Pittsburgh Panorama
Fine Arts Collection
U.S. General Services Administration
Stuyvesant Van Veen’s Pittsburgh Panorama depicts a bird’s-eye perspective of the city framed by the impressive George Westinghouse Memorial Bridge. He designed the mural as a composite image of many views that would—in the artist’s words—“represent the spirit of Pittsburgh,” rather than literally illustrate the city. The buildings, bridges, rivers, railroads and topography of the city were arranged by design and tone, instead of accurate geography.
In the foreground, Van Veen emphasizes important aspects of Pittsburgh’s industrial history, as well as its 1930s present, such as: its grand bridges, its numerous mines, mills and foundries and its mighty rivers, which served as the gateway to the West as evidenced by the profusion of steamboats and barges. In this way, Van Veen elucidates the extent to which industry permeated Pittsburgh’s urban landscape in the 1930s. On top of the Westinghouse Bridge, which unifies the overall composition and serves as the symbolic entrance to the city, Van Veen depicts pedestrian and vehicular traffic. The figures that cross the bridge symbolize the diverse population of Pittsburgh during the 1930s: the myriad nationalities and classes of people who emigrated from Europe to work in the region’s mines, mills, foundries and offices.
Pittsburgh Panorama is not the mural that Van Veen originally intended to create for the Pittsburgh Post Office and Courthouse.
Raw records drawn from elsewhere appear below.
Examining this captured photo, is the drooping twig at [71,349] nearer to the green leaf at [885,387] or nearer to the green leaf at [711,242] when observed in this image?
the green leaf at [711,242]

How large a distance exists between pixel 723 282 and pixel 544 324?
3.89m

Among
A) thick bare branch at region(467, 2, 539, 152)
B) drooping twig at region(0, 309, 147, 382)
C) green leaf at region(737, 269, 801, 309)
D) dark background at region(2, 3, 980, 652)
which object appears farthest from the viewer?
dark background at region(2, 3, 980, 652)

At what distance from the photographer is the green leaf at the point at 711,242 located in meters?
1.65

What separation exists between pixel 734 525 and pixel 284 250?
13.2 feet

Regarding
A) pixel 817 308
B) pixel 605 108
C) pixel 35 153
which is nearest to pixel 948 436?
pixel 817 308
Initially he designed a painting, titled Death and Life, which juxtaposed his two conceptions of industrial society in America. Death was represented on one side by what he perceived as 1930s America—a classist society in which the everyday worker was suppressed and exploited by capitalist industry and the few who profited from it. By contrast, Life, which was represented on the opposite side, depicted a hopeful classless society of the future “where labor and industry are united in a brotherhood of co-operation and sharing.” In the center of the composition, separating his two perceptions of society, Van Veen depicted an allegorical figure of Justice. Instead of presenting an air of wisdom and fairness typical of such a representation, this Justice was anguished and confused, not knowing which way to turn.
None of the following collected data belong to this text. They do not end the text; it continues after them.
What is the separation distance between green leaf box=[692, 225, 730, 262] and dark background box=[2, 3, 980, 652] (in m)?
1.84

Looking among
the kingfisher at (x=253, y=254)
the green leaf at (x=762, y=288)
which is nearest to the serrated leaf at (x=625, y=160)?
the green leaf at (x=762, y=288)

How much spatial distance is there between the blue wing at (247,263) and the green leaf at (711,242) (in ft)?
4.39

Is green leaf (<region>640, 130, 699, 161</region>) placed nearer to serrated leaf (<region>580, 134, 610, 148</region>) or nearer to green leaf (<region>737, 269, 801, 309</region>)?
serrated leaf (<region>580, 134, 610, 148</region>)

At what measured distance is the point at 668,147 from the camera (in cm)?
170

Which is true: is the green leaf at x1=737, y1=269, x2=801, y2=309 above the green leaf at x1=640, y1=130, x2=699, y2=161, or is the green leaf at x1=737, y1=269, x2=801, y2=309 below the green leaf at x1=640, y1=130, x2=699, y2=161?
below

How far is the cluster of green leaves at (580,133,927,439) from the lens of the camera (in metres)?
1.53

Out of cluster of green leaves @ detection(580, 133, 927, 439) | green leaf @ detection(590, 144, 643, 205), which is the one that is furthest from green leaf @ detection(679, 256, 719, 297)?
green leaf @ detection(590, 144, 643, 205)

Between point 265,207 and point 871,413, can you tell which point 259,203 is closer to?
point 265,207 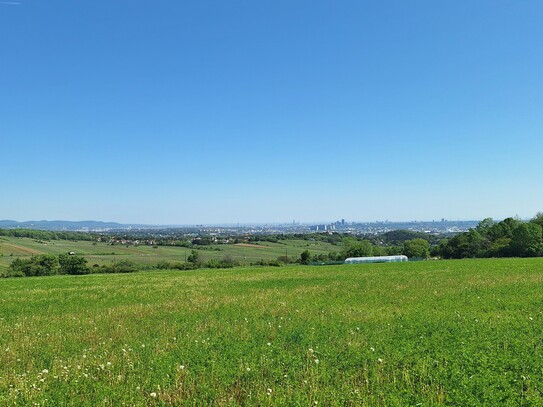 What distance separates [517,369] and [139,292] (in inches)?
986

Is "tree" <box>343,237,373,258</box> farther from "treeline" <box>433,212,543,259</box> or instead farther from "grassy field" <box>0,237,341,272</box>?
"treeline" <box>433,212,543,259</box>

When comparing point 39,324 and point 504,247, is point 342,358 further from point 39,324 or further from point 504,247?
point 504,247

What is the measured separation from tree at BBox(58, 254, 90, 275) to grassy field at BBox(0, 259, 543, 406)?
181 feet

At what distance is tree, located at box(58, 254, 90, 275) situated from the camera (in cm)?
6981

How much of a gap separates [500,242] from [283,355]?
317 ft

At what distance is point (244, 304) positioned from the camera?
68.0ft

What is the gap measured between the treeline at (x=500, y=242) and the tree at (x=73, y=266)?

Van Veen’s artistic skill was evident in this initial submission and he was subsequently awarded the commission, but the Section’s final acceptance of his work was contingent upon a drastic revision of his original concept. Viewed by the Section as left-wing social propaganda, his design was deemed unacceptable for a government art commission destined for the federal courts. Rather than modify his original mural concept, Van Veen opted to create an entirely new design that was not as blatantly critical of contemporary American society. Insulted by the rejection of his preliminary design, Van Veen nonetheless retaliated by inserting a coded symbol of the Communist revolution in his design. As he explained, “I wouldn’t normally have done it, but I was mad enough to compose it so the thrust of the steel mills across the river’s curve slightly resembled—to me—the hammer and sickle.”
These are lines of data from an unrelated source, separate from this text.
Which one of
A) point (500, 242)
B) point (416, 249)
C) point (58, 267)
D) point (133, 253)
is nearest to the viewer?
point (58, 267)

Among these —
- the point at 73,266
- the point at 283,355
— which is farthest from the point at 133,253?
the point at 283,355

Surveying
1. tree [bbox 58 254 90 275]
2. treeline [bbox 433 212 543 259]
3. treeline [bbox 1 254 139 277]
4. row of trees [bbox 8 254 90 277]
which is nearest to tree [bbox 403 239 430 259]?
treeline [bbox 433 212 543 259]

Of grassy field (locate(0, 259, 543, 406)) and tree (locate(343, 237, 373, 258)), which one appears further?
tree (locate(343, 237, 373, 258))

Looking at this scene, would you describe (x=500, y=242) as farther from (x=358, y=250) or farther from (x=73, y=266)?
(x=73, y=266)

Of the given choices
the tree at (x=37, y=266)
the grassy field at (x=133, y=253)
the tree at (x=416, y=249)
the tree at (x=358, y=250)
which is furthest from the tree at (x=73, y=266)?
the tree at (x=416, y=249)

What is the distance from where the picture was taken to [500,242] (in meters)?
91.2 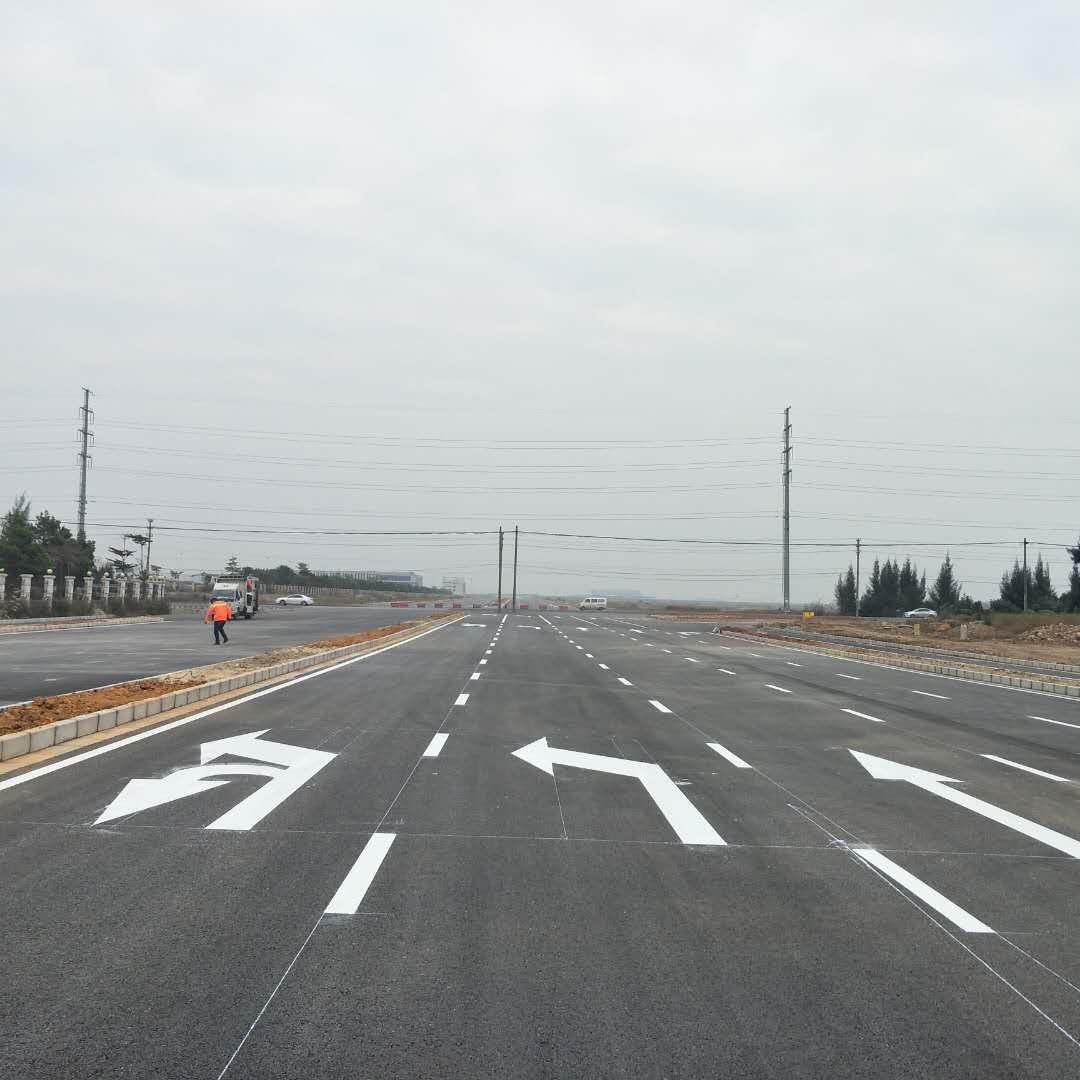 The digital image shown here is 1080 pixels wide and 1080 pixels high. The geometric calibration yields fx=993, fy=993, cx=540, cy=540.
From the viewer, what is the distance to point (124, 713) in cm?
1298

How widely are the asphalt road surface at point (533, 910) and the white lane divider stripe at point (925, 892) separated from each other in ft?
0.08

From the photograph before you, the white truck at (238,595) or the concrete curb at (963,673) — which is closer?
the concrete curb at (963,673)

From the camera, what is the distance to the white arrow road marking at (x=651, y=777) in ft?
25.5

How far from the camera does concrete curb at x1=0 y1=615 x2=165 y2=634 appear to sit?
42.4 m

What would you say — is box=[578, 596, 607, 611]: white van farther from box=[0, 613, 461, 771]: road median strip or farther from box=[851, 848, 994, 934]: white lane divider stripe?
box=[851, 848, 994, 934]: white lane divider stripe

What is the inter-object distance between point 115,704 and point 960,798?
35.2 ft

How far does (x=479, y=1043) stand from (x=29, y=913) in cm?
287

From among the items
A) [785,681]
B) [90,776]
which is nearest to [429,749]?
[90,776]

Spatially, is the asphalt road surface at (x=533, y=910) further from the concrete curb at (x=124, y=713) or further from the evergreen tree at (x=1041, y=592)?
the evergreen tree at (x=1041, y=592)

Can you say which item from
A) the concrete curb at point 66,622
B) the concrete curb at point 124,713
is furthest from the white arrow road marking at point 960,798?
the concrete curb at point 66,622

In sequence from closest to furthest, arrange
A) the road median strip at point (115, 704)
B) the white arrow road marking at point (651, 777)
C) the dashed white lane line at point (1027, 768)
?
the white arrow road marking at point (651, 777)
the dashed white lane line at point (1027, 768)
the road median strip at point (115, 704)

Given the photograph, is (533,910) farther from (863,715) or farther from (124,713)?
(863,715)

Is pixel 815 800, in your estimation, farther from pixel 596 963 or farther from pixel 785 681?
pixel 785 681

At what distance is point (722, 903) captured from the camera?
584 centimetres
To the twenty-first century viewer, Van Veen’s reference to Communism may seem extreme or odd, but in the 1930s it was common for artists, as well as the general populace, to flirt with the idea of Communism as a solution to society’s ills. Less than twenty years earlier the Bolsheviks had engineered a socialist revolution that precipitated the overthrow of the corrupt Russian Tsars. The newly established Communist government initially stimulated commerce and the economy and brought forth many social changes for the former Russian Empire. This seemed like a viable model for change to many Americans struggling during the Great Depression.